You may have heard about the benefits of shade trees, particularly in urban areas. I was quite amazed, however, to read about what a difference shade can make in lessening the urban heat island effect you may have been hearing about during this particularly hot summer. Perhaps, your parent(s) live in one of those heated urban centers. If so, don't worry. There's probably a park somewhere nearby, where you can enjoy some free shade. North American and European cities are particularly generous with park space, but countries around the world also have their shady nooks. If your parent(s) is able to walk comfortably for a block or two, you can walk there during the early morning or evening and enjoy the benefits of exercise and relief from the heat. Otherwise, you may need to drive. Either way, spend some time enjoying fresh air and green space. Both can lift the spirits. If you're really lucky, you or your parent(s) will live near a park with water, like the one in this picture. Nothing beats a cool breeze off the water.
As far as the iced tea, make it however you usually do. Making sun tea can be fun, if you have the time and the inclination. My mother-in-law used to enjoy doing this in the summer and it was delicious iced tea - never bitter. In some parts of America, people live on iced tea in the summer. In the South, they call it sweet tea or cold tea. My mother grew up in Kentucky and I've enjoyed many a glass of cold tea. In fact, I was 16 before I realized that you could drink tea hot. Seriously.

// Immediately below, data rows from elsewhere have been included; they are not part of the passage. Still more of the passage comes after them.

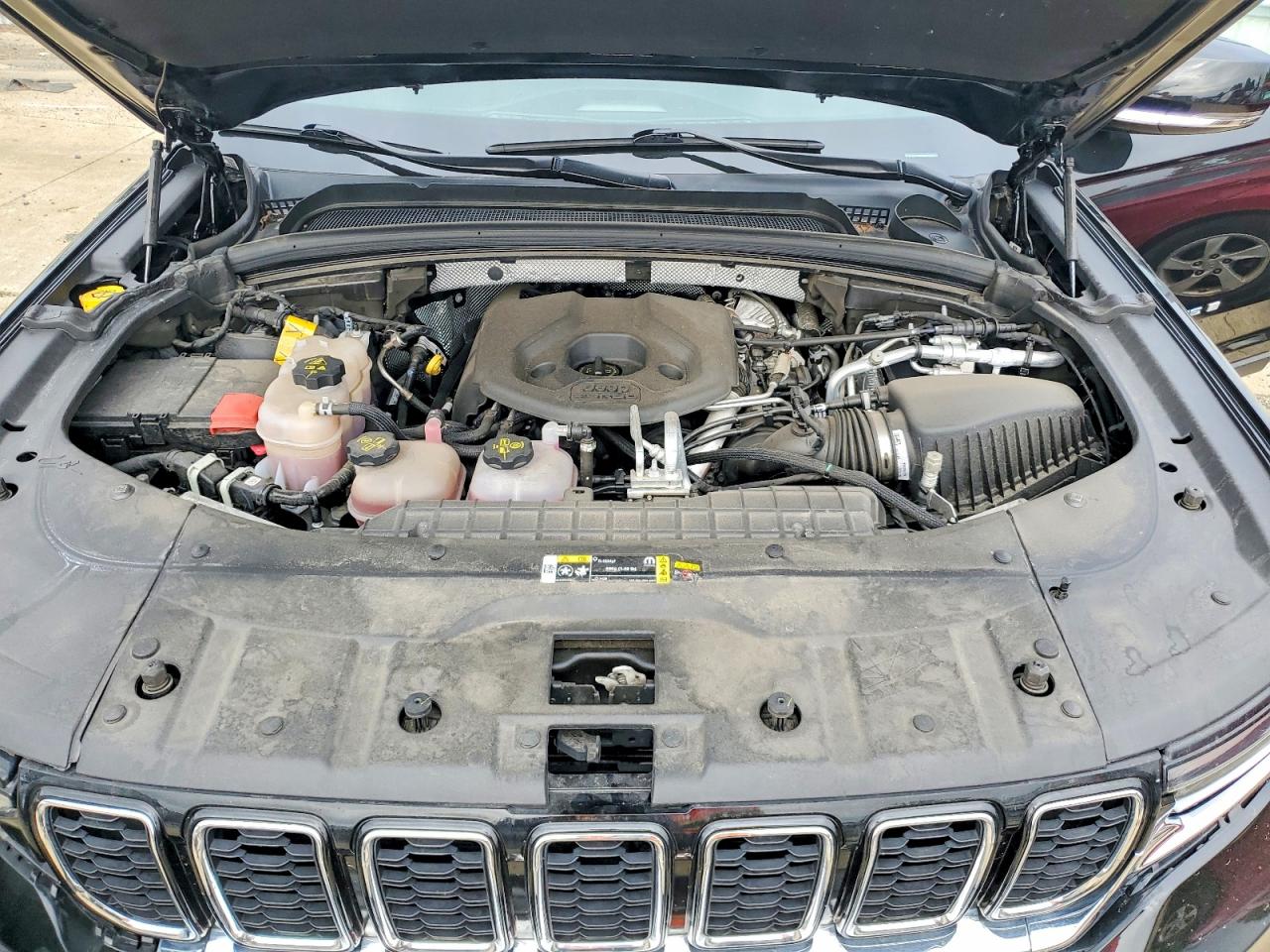 2024 JEEP GRAND CHEROKEE LIMITED 4XE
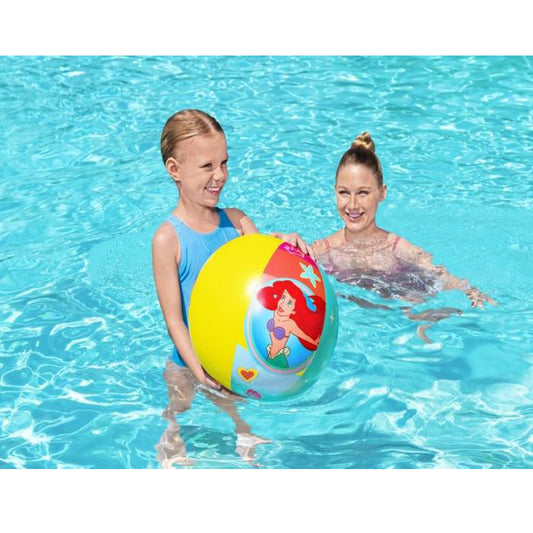 Disney Princesas Pelota Inflable Playa 51 Cm Bestway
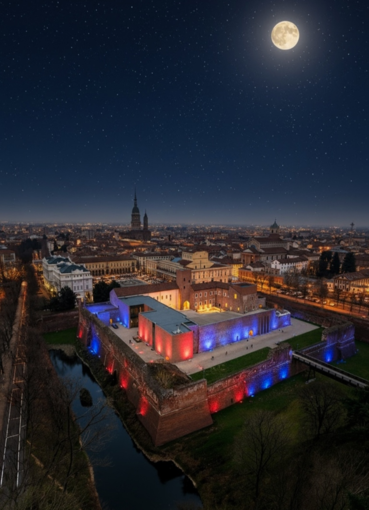 Club Silencio sbarca a Novara per la prima volta: “Una Notte al Castello” tra archeologia e supereroi Club Silencio sbarca a Novara per la prima volta: “Una Notte al Castello” tra archeologia e supereroi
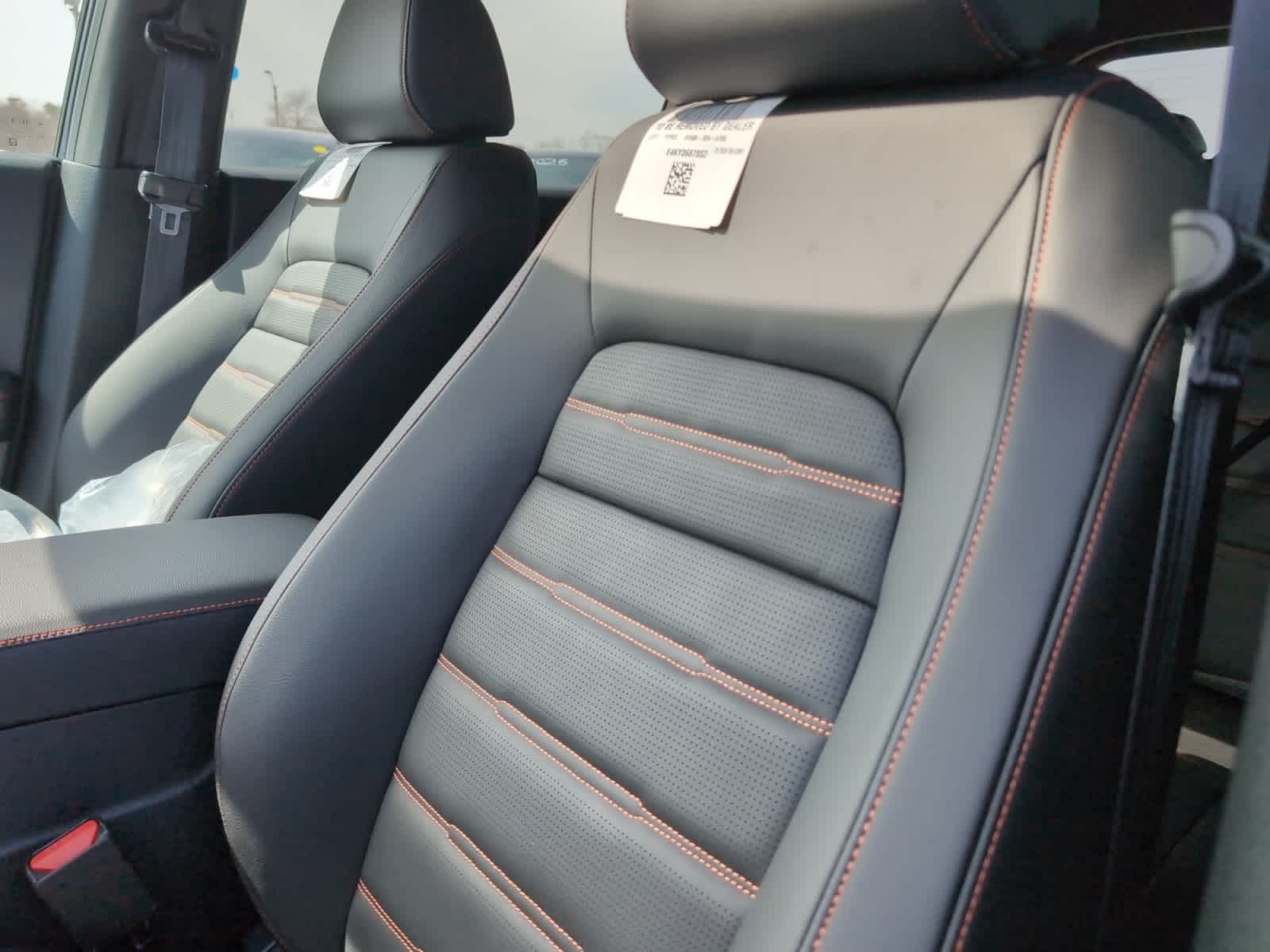 new 2026 Honda CR-V Hybrid car, priced at $41,675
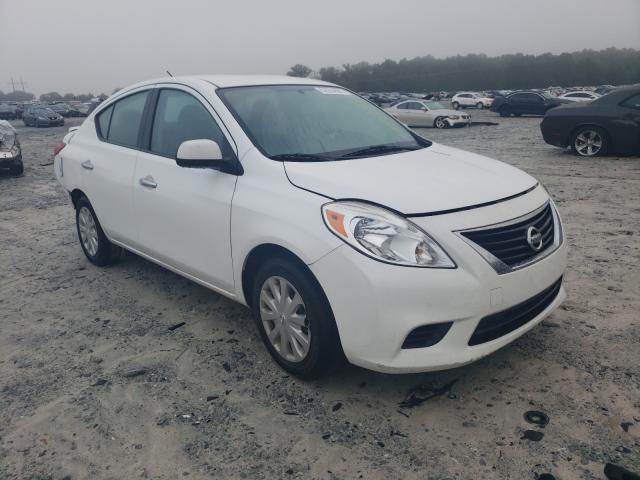 NISSAN VERSA S 2014 3n1cn7ap8el859823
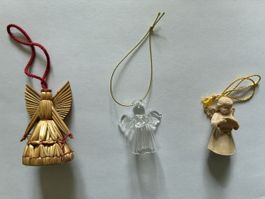 Christbaumschmuck Engelchen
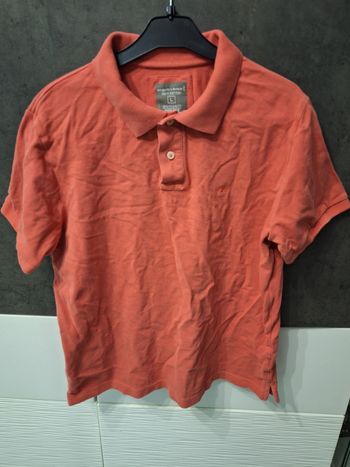 Polo manches courtes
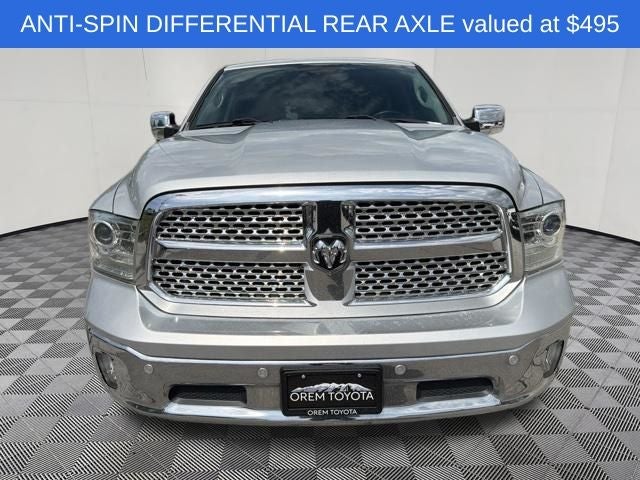 2018 RAM 1500 Laramie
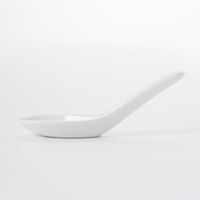 無印良品 白磁レンゲ 約長さ14cm 良品計画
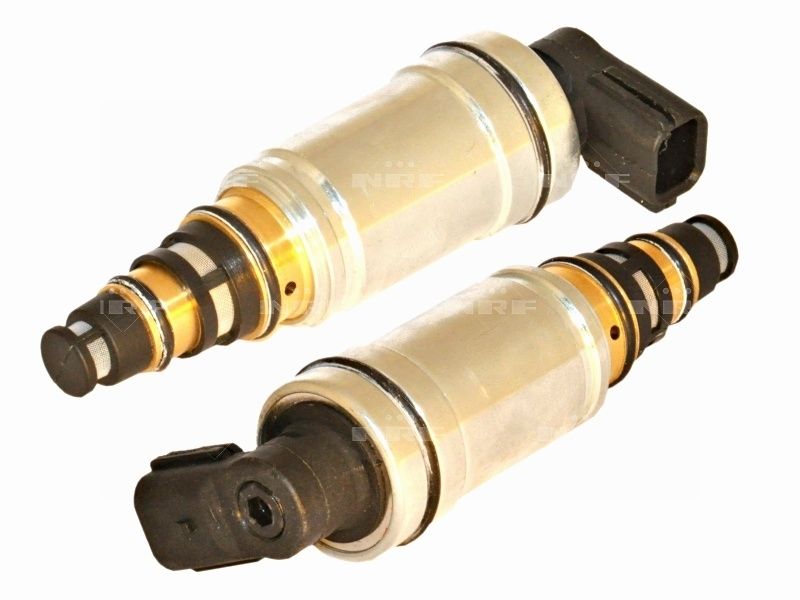 NRF 38595 Control Valve, air conditioning compressor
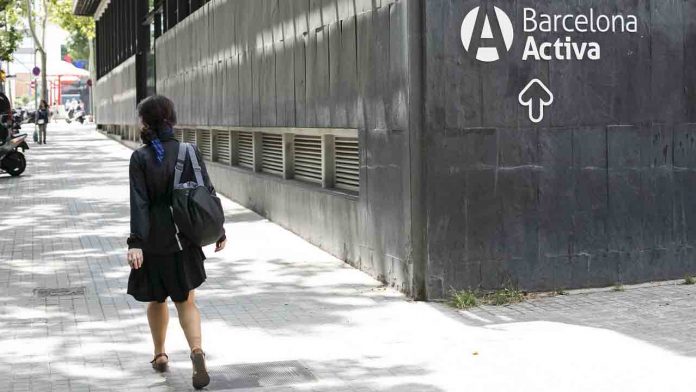 Aumentan un 43% las peticiones empresariales a Barcelona Activa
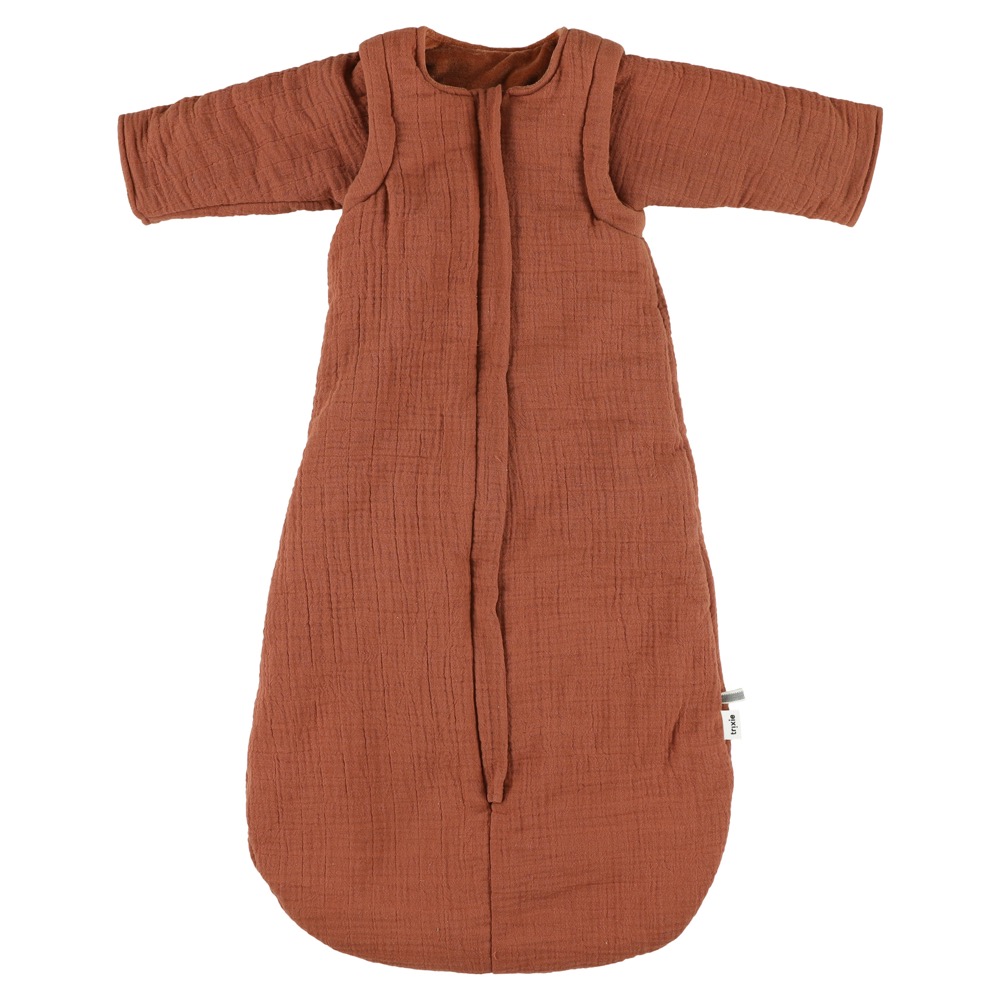 Saco de dormir invierno | 87 cm - Bliss Rust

The point of all of these tips, is to take the time to pause in the middle of a busy day and find time to relax, enjoy the simple pleasures of summer, and spend "quality" time with your parent(s). These will be the memories you'll be happy to have when your parent(s) are gone. Many of these tips are aimed at building memories for the future, kind of the way that squirrels bury nuts or a bride builds a hope chest (do brides still do that?) Here is a thoughtful article about Quality Time with Elderly Parents. And, even though it may seem that you simply don't have the time or the energy to pause long enough for sitting on a park bench or sipping iced tea, it will be time well spent.